» **What is expected**:
Needed from the data below: every line from the one with "PRF apreende 34" up to and including the one with "Fender Custom Shop", repeated exactly and with nothing else.

Extracted material Start Marker

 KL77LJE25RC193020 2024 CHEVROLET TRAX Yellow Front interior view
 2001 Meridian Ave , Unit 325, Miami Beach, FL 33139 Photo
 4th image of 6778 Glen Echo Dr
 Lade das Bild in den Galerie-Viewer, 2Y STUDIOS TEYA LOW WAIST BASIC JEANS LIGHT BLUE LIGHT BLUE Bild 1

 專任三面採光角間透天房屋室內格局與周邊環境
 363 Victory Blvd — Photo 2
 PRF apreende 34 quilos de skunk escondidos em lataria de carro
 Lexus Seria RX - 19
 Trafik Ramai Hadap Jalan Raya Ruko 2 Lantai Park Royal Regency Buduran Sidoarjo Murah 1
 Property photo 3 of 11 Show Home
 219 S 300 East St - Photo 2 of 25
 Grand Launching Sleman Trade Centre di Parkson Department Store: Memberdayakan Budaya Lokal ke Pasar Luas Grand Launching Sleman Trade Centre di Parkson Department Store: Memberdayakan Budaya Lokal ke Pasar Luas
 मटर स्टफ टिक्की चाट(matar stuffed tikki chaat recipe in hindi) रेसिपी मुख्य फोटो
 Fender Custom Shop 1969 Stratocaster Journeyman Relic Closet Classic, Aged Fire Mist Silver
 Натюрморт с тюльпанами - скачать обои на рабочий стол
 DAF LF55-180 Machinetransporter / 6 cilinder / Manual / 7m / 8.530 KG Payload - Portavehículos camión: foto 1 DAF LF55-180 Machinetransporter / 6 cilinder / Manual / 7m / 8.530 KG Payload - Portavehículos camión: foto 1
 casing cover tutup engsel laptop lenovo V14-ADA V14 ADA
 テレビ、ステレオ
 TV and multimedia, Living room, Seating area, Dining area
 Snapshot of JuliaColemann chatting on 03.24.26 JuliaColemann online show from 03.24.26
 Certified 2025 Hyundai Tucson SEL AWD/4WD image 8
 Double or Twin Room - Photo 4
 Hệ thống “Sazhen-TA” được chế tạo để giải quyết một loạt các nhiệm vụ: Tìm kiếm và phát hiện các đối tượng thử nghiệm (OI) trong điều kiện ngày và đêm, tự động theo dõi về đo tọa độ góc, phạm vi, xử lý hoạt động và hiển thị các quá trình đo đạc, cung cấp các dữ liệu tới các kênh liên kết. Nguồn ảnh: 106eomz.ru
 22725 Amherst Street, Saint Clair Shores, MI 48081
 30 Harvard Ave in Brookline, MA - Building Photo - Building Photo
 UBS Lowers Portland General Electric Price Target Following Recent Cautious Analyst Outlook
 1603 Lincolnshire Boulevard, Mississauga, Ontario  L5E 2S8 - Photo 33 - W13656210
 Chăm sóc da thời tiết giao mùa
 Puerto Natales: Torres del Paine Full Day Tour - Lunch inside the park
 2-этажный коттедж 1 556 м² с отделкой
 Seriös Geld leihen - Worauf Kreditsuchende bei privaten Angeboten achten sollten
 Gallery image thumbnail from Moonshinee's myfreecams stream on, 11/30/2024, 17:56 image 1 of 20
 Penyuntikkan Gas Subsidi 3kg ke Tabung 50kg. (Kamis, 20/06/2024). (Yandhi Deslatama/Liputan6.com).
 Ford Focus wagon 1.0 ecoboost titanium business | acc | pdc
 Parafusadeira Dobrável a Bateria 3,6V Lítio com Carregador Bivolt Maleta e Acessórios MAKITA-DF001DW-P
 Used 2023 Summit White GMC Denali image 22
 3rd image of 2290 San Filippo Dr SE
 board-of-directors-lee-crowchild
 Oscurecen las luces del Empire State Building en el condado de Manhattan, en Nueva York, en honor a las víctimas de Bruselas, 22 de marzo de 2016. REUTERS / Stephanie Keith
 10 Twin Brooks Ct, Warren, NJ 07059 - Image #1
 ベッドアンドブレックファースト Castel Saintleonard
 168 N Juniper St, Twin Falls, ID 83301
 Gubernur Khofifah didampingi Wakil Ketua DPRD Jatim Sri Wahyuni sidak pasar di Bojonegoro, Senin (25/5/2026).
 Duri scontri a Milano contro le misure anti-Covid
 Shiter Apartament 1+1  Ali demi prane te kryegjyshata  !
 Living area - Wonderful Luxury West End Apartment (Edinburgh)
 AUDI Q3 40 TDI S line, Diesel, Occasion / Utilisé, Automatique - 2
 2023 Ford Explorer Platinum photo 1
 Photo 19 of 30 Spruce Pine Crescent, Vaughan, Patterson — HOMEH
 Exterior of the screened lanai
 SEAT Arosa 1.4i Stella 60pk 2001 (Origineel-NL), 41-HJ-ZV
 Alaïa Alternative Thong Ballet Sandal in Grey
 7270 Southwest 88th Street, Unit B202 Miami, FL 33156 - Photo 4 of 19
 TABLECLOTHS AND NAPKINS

Extracted material End Marker

» **Solution to this problem**:
 PRF apreende 34 quilos de skunk escondidos em lataria de carro
 Lexus Seria RX - 19
 Trafik Ramai Hadap Jalan Raya Ruko 2 Lantai Park Royal Regency Buduran Sidoarjo Murah 1
 Property photo 3 of 11 Show Home
 219 S 300 East St - Photo 2 of 25
 Grand Launching Sleman Trade Centre di Parkson Department Store: Memberdayakan Budaya Lokal ke Pasar Luas Grand Launching Sleman Trade Centre di Parkson Department Store: Memberdayakan Budaya Lokal ke Pasar Luas
 मटर स्टफ टिक्की चाट(matar stuffed tikki chaat recipe in hindi) रेसिपी मुख्य फोटो
 Fender Custom Shop 1969 Stratocaster Journeyman Relic Closet Classic, Aged Fire Mist Silver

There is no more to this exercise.